FIG. 6 is a structural diagram illustrating a positioning apparatus according to another embodiment of the present disclosure. An adjacent image acquisition device 230, a first result acquisition device 240, a second result determination device 250, and a comprehensive result determination device 260 in FIG. 6 have the same functions as those of the adjacent image acquisition device 110, the first result acquisition device 120, the second result determination device 130, and the comprehensive result determination device 140 in FIG. 5 respectively, which will not be repeated herein. As shown in FIG. 6, the positioning apparatus may further include a first model training device 210 configured to train a first deep learning model for visual positioning.
The first model training device 210 may include:

a first sample acquisition unit 211, configured to acquire multi-frame sample images of the target environment;
a positioning result determination unit 212, configured to determine a positioning result for each frame of the sample images; and
a first model training unit 213, configured to train the first deep learning model by using the multi-frame sample images and the positioning result for each frame of the sample images as a training set.

In an embodiment, the second result determination device 250 may include:

a driving motion estimation unit 251, configured to obtain a driving motion estimation result for the mobile device by inputting the two adjacent frames of images into a second deep learning model, where the second deep learning model is used for estimating the motion based on vision; and
a second result acquisition unit 252, configured to determine the second positioning result for the mobile device based on the driving motion estimation result and the previous comprehensive positioning result for the mobile device.

In an embodiment, the positioning apparatus may further include a second model training device 220 configured to train the second deep learning model for estimating the motion based on vision and including:

a second sample acquisition unit 221, configured to acquire continuous multi-frame sample images in the target environment collected by the mobile device during driving;
an estimation result determination unit 222, configured to determine a motion estimation result for every two adjacent frames of the continuous multi-frame sample images; and
a second model training unit 223, configured to train the second deep learning model by using the continuous multi-frame sample images and the motion estimation result for every two adjacent frames of the continuous multi-frame sample images as a training set.

In an embodiment, the comprehensive result determination device 260 may further include a positioning result fusion unit 261 configured to obtain the comprehensive positioning result for the mobile device by fusing the first positioning result and the second positioning result based on Kalman filtering.
In an embodiment, the positioning result fusion unit 261 may be further configured to obtain a final Gaussian distribution parameter for characterizing the comprehensive positioning result by multiplying a first Gaussian distribution parameter for characterizing the first positioning result and a second Gaussian distribution parameter for characterizing the second positioning result.
In an embodiment, the first positioning result may include first positioning information with six degrees of freedom, the second positioning result may include second positioning information with the six degrees of freedom, and the comprehensive positioning result may include comprehensive positioning information with the six degrees of freedom.
It should be noted that all of the embodiments described above may be combined in any way to form other embodiments of the present disclosure, which will not be repeated herein.
The embodiments of the positioning apparatus in the present disclosure can be applied to network devices.
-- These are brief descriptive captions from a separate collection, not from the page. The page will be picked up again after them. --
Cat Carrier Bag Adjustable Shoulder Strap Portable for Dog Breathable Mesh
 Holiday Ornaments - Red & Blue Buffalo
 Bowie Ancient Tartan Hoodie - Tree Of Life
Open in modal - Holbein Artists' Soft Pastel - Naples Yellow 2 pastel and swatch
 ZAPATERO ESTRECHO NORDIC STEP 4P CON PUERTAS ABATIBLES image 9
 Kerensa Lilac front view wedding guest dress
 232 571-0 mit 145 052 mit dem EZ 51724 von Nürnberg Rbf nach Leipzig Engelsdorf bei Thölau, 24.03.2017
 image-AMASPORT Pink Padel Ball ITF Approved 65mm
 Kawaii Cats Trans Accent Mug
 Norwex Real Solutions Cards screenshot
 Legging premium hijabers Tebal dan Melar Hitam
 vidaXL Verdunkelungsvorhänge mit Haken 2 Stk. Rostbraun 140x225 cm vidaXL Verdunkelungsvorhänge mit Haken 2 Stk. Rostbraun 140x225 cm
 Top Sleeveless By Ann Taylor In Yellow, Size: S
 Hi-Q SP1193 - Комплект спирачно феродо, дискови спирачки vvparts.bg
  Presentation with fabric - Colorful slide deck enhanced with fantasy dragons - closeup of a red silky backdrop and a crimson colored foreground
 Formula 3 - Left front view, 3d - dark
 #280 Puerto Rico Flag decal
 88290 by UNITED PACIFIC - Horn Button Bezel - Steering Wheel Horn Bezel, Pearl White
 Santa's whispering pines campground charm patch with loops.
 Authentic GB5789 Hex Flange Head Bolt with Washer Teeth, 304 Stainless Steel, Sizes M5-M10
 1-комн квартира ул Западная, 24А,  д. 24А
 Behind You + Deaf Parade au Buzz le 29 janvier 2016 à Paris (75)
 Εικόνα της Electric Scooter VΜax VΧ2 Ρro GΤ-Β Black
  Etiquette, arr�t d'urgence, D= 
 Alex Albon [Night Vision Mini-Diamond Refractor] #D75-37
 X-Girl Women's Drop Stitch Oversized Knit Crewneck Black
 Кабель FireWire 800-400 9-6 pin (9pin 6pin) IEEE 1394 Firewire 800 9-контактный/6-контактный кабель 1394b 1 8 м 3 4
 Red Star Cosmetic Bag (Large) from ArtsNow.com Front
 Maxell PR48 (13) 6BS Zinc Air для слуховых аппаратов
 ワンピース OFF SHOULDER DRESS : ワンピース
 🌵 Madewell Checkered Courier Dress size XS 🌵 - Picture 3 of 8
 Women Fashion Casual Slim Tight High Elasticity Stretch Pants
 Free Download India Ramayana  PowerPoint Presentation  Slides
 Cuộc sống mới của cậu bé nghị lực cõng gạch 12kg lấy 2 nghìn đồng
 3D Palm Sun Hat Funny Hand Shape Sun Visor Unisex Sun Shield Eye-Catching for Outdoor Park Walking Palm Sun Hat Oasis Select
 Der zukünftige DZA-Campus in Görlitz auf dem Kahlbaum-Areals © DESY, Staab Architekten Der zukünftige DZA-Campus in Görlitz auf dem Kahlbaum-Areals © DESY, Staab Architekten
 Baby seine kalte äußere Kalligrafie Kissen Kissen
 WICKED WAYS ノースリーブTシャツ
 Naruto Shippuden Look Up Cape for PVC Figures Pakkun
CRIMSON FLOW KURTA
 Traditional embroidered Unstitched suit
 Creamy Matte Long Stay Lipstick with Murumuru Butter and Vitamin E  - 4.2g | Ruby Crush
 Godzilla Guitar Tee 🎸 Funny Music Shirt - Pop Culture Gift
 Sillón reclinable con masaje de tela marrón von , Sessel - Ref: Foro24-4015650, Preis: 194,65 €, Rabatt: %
The apparatus embodiments can be implemented by software, hardware or a combination of software and hardware. Taking implementation by software as an example, the software, as a logical apparatus, is built by executing relevant computer program instructions that are read from a non-volatile memory into a memory through a processor of the device where it is located, where the computer program instructions, when read, cause the processor to perform the positioning method according to the embodiments shown in FIGS. 1-4. From a hardware perspective, as shown in FIG. 7 which is a hardware structure diagram illustrating the mobile device of the present disclosure, the device may include a processor 710, a network interface 720, a non-volatile memory 730, and a bus 740, in addition to other hardware such as a memory. In terms of hardware structure, the device may also be a distributed device, which may include interface cards. On the other hand, the present disclosure further provides a computer readable storage medium storing computer programs therein, the computer programs may be executed by the processor in the mobile device to perform the positioning method according to the embodiments shown in FIGS. 1-4.
For the apparatus embodiment, since it basically corresponds to the method embodiment, reference may be made to the partial description of the method embodiment. The apparatus embodiments described above are merely illustrative, and the units described as separate components may or may not be physically separate, and the components displayed as units may or may not be physical units, that is, may be located at one place, or may be distributed to multiple network units. Some or all of the devices may be selected according to actual needs to achieve the embodiments of the present disclosure.
It should also be noted that the terms “include”, “comprise” or any other variants thereof are intended to cover non-exclusive inclusion, so that a process, method, product, or device including a series of elements not only includes these elements, but also includes other elements that are not explicitly listed, or elements inherent to the process, method, product, or device. Without more restrictions, the element defined by the sentence “include a . . . ” does not exclude the existence of other identical elements in the process, method, product, or device that includes the element.

Claims

1. A positioning method, the method comprising:

acquiring two adjacent frames of images of a target environment collected by a mobile device in the target environment;

obtaining a first positioning result for the mobile device by inputting a last collected image of the two adjacent frames of images into a first deep learning model;

determining a second positioning result for the mobile device based on the two adjacent frames of images and a previous comprehensive positioning result for the mobile device; and

determining a comprehensive positioning result for the mobile device based on the first positioning result and the second positioning result.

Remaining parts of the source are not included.